*** Input data ***
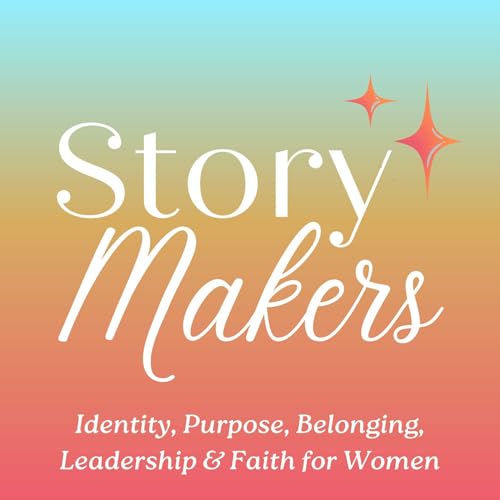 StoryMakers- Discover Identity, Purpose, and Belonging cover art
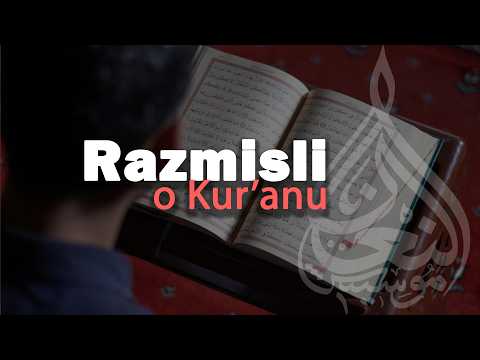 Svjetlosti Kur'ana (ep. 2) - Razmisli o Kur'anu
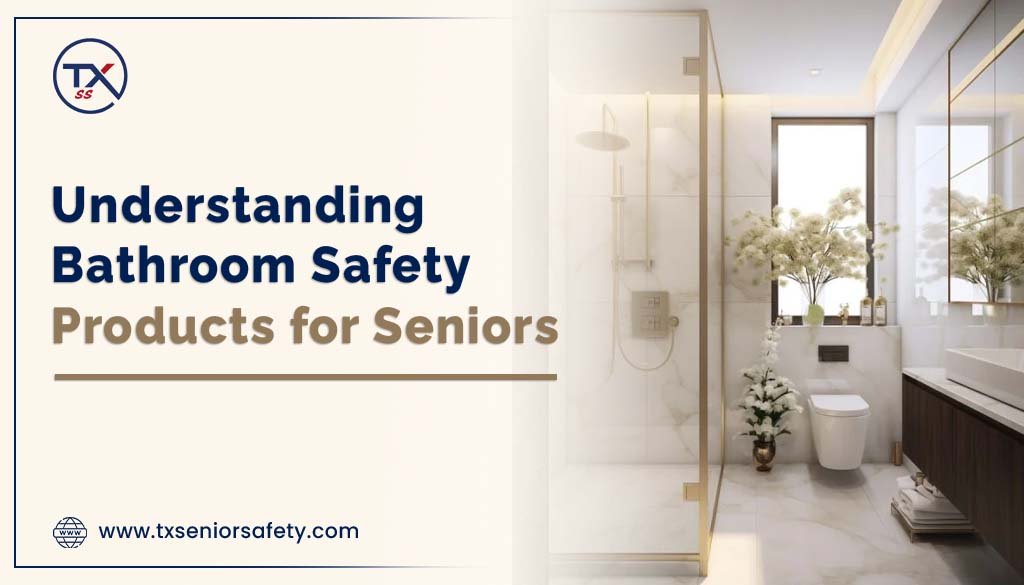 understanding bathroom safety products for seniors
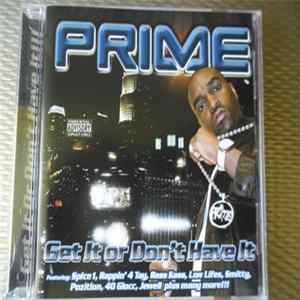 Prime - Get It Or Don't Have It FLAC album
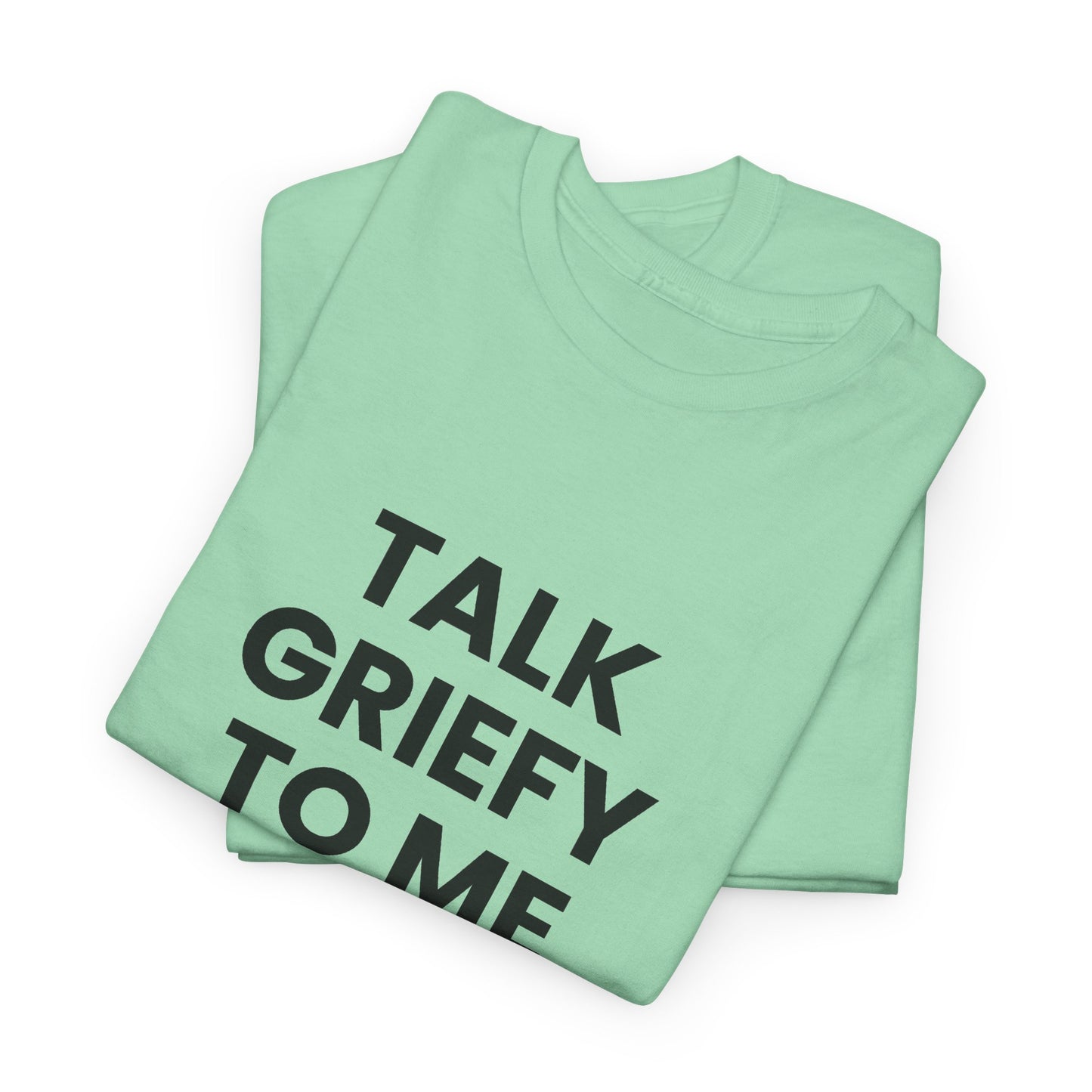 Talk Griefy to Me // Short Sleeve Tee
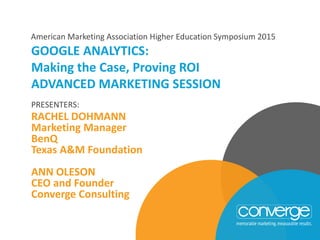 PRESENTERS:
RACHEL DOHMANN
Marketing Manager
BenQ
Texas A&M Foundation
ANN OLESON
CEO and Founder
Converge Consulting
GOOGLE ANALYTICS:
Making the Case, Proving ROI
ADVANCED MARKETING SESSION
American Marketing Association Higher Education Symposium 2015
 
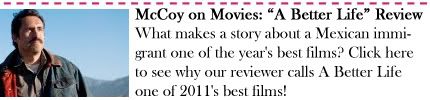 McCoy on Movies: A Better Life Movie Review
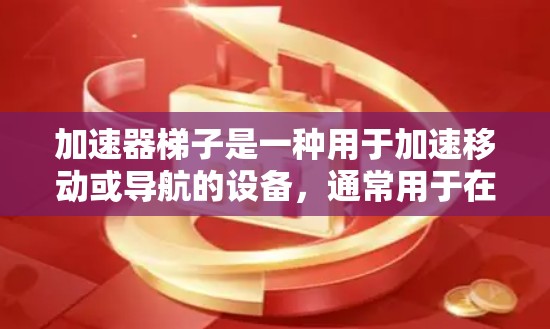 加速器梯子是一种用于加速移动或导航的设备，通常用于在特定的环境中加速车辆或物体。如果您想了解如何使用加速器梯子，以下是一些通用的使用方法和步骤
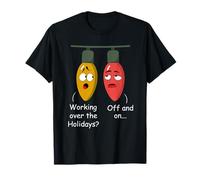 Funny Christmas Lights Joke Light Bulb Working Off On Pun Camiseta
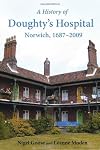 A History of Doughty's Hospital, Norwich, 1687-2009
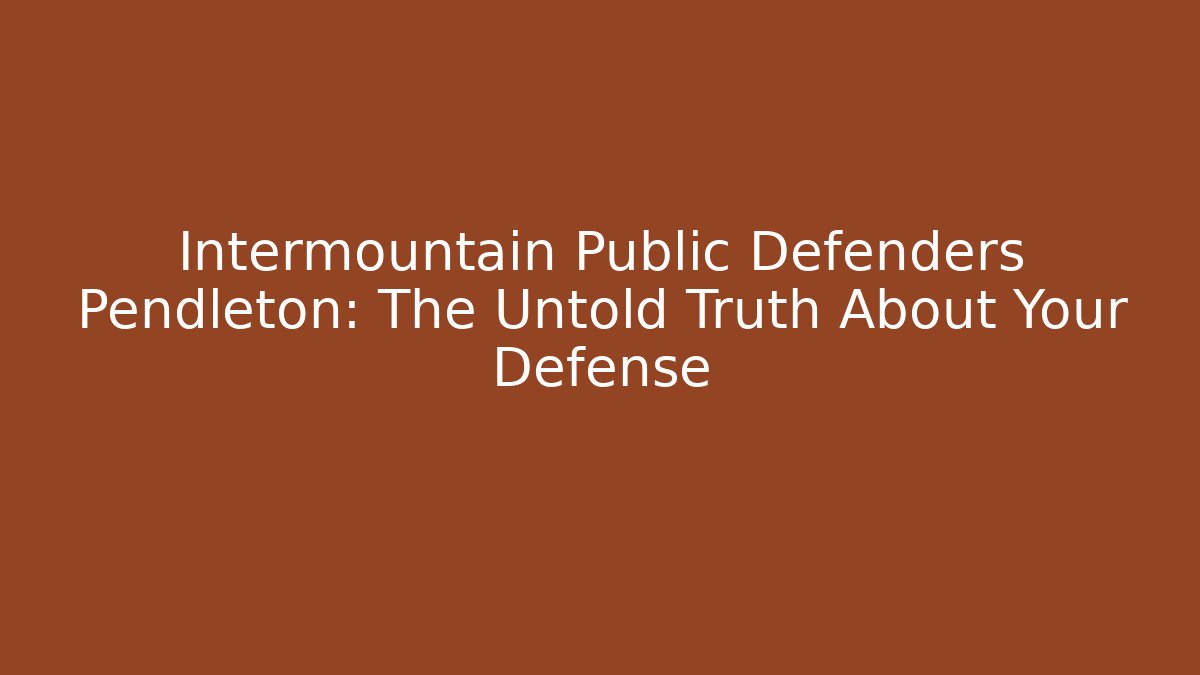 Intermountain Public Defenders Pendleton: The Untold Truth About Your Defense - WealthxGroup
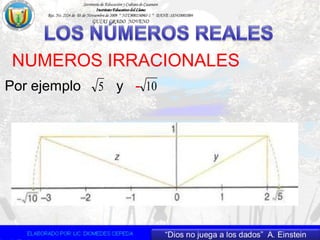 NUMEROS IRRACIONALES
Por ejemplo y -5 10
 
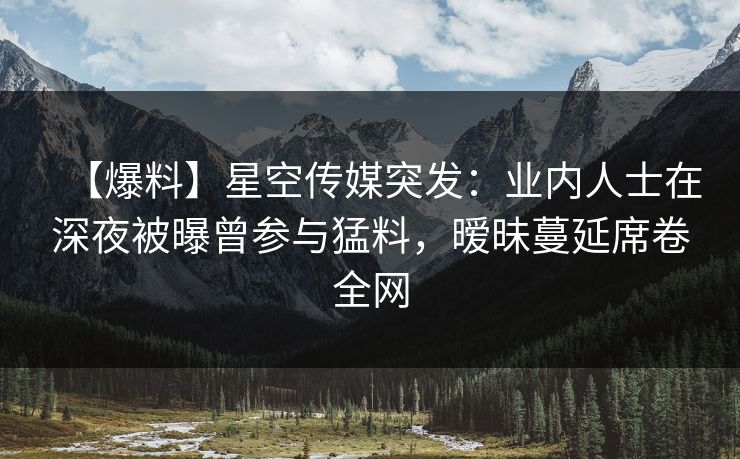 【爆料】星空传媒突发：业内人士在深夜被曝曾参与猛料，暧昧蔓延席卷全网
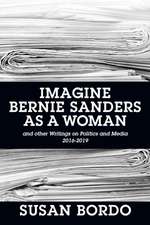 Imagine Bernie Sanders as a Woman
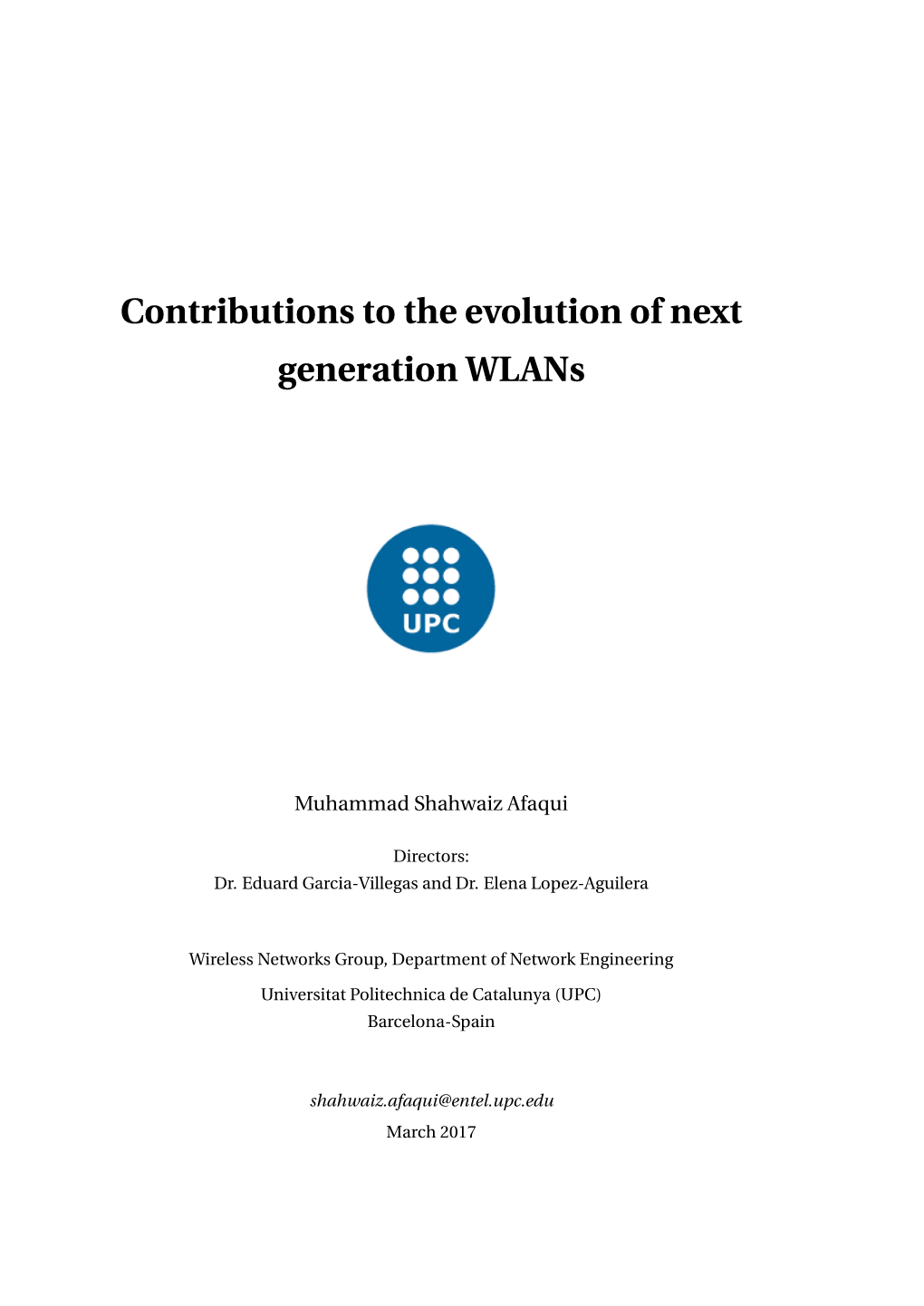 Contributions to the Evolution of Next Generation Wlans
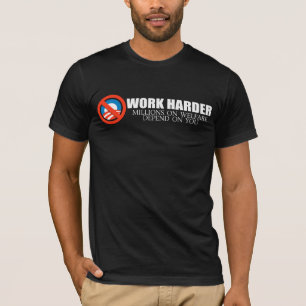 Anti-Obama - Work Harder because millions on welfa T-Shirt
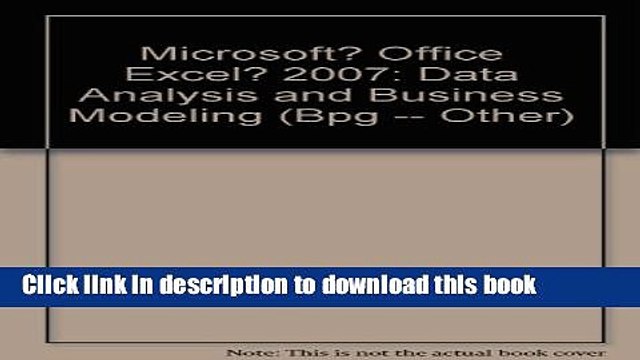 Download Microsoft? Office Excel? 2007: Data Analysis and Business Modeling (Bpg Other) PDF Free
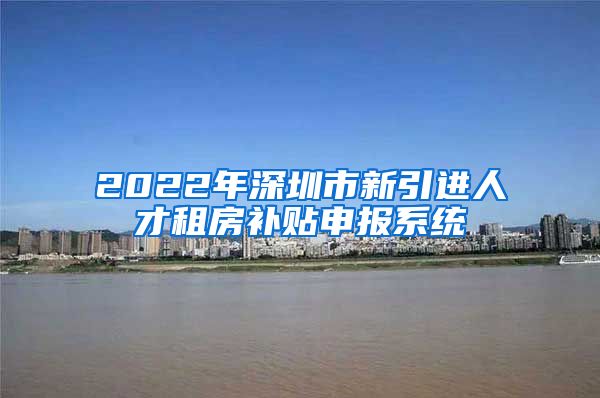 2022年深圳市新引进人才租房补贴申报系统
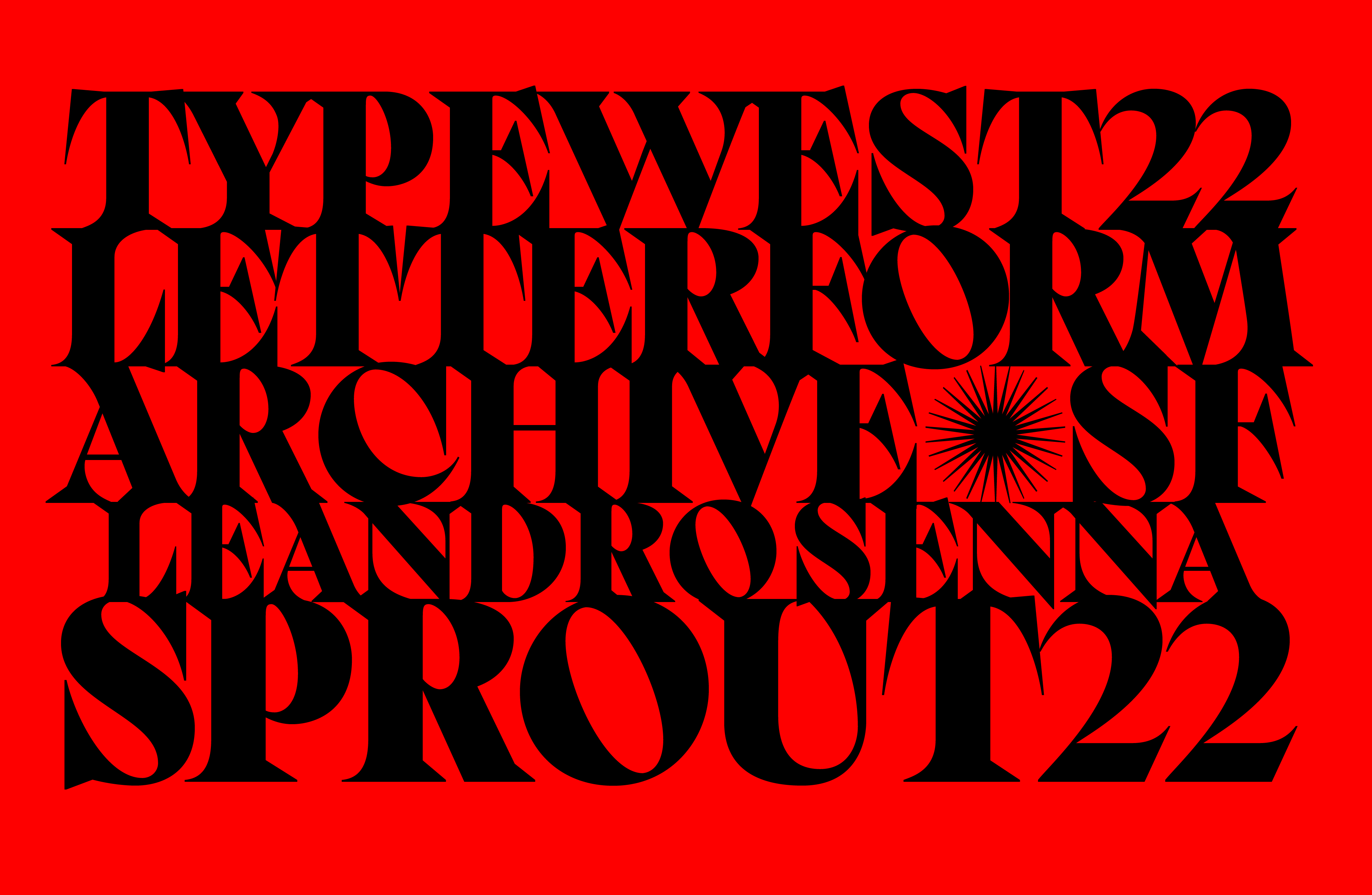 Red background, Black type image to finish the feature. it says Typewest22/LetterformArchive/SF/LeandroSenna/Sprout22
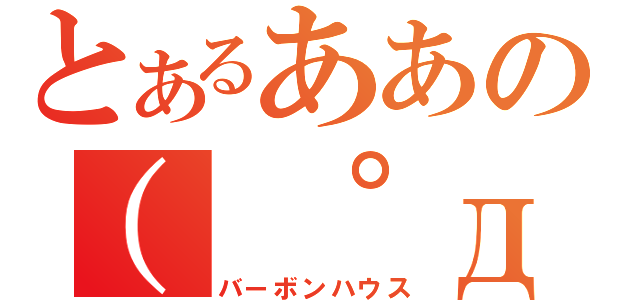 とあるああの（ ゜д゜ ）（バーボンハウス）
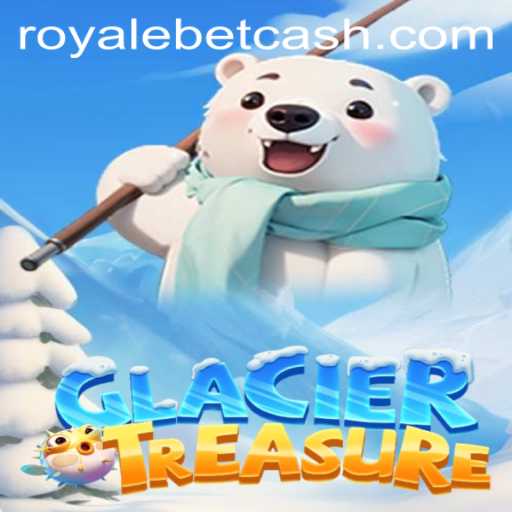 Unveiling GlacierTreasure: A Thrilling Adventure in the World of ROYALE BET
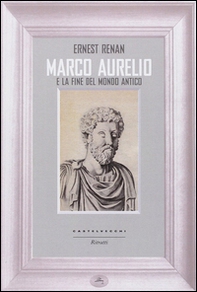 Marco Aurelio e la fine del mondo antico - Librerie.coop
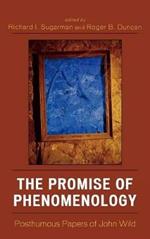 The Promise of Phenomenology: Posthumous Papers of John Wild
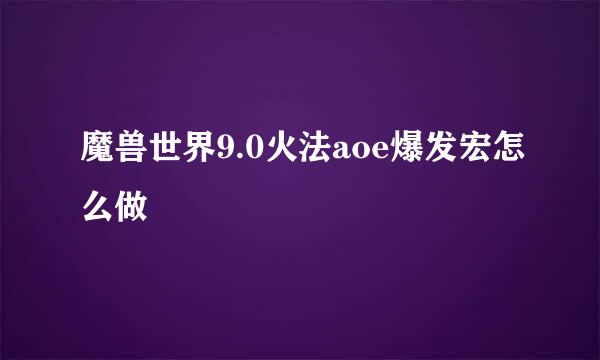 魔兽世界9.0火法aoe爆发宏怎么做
*** End of Input data ***
### Work order
Omit each image and transcribe the remaining records word for word.

### Exercise response
 StoryMakers- Discover Identity, Purpose, and Belonging cover art
 Svjetlosti Kur'ana (ep. 2) - Razmisli o Kur'anu
 understanding bathroom safety products for seniors
 Prime - Get It Or Don't Have It FLAC album
 Talk Griefy to Me // Short Sleeve Tee
 PRESENTERS:
RACHEL DOHMANN
Marketing Manager
BenQ
Texas A&M Foundation
ANN OLESON
CEO and Founder
Converge Consulting
GOOGLE ANALYTICS:
Making the Case, Proving ROI
ADVANCED MARKETING SESSION
American Marketing Association Higher Education Symposium 2015
 
 McCoy on Movies: A Better Life Movie Review
 加速器梯子是一种用于加速移动或导航的设备，通常用于在特定的环境中加速车辆或物体。如果您想了解如何使用加速器梯子，以下是一些通用的使用方法和步骤
 Funny Christmas Lights Joke Light Bulb Working Off On Pun Camiseta
 A History of Doughty's Hospital, Norwich, 1687-2009
 Intermountain Public Defenders Pendleton: The Untold Truth About Your Defense - WealthxGroup
 NUMEROS IRRACIONALES
Por ejemplo y -5 10
 
 【爆料】星空传媒突发：业内人士在深夜被曝曾参与猛料，暧昧蔓延席卷全网
 Imagine Bernie Sanders as a Woman
 Contributions to the Evolution of Next Generation Wlans
 Anti-Obama - Work Harder because millions on welfa T-Shirt
 Download Microsoft? Office Excel? 2007: Data Analysis and Business Modeling (Bpg Other) PDF Free
 2022年深圳市新引进人才租房补贴申报系统
 Red background, Black type image to finish the feature. it says Typewest22/LetterformArchive/SF/LeandroSenna/Sprout22
 とあるああの（ ゜д゜ ）（バーボンハウス）
 Unveiling GlacierTreasure: A Thrilling Adventure in the World of ROYALE BET
 Marco Aurelio e la fine del mondo antico - Librerie.coop
 The Promise of Phenomenology: Posthumous Papers of John Wild
 魔兽世界9.0火法aoe爆发宏怎么做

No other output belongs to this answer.